Closed hecmay closed 3 years ago

hecmay commented 4 years ago

Aside from unrolling a loop implicitly (i.e. by adding #pragma unroll, and let the EDA tools unroll the loop), we also want to unroll a loop into multiple PEs explicitly. This allows users to generate multiple PEs for single stage, and connect the PEs in different ways to generate custom dataflow accelerators.

An example of 1D convolution kernel:

def kernel(W, X):
        k = hcl.reduce_axis(0, K)
        return hcl.compute((size,), lambda x: sum(X[x+k]*W[k]), "Y")

# unroll the inner loop into PEs
pes = s[kernel].unroll(axis=1)
pe0, pe1, pe2 = pes

Each PE returned by the unroll() primitive will correspond to a different (non-inlined) kernel function call. HCL compiler should create separate kernel definitions and function calls for each PE.

For the 1D convolution example above, assume the loop trip count is 3. In this case, we will generate three separate functions (i.e. pe1, pe1, pe2), and call them in a dataflow region, so that they can run in parallel:

void pe0() {
    //...
}

void pe1() {
    //...
}

void pe2() {
    //...
}

void top() {
    #pragma dataflow
    pe0();
    pe1();
    pe2();
}
hecmay commented 4 years ago

@seanlatias @zhangzhiru

zhangzhiru commented 4 years ago

Looks good. This is pretty much what we agreed on. To distinguish from the current unrolling support, maybe we should use another primitive, say paralle(), to indicate the explicit duplication?

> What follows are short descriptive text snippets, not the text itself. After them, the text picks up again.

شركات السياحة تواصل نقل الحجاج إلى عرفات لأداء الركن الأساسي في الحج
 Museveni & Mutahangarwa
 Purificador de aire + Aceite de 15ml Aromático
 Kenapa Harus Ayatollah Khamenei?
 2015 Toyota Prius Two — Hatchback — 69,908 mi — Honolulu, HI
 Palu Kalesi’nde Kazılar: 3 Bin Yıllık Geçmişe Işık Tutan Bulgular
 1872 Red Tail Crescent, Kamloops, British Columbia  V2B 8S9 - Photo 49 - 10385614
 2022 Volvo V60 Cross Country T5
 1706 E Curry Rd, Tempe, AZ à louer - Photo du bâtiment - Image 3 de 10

zhangzhiru commented 4 years ago

another (perhaps cleaner) solution is to look at left hand side of the statement when we call this primitive. If we return a list of named objects, we explicitly duplicate the loop body.

hecmay commented 4 years ago

I will try to add a parallel() primitive firts to avoid messing up anything in the original unroll() primitive. We can switch to the second solution later.

Since we need to create some new stages in the schedule, we may need to do something like s.parallel(stage, axis=1) (IR transformation in the schedule level) instead of s[stage].parallel(axis=1) (i.e. IR transformation inside the stage).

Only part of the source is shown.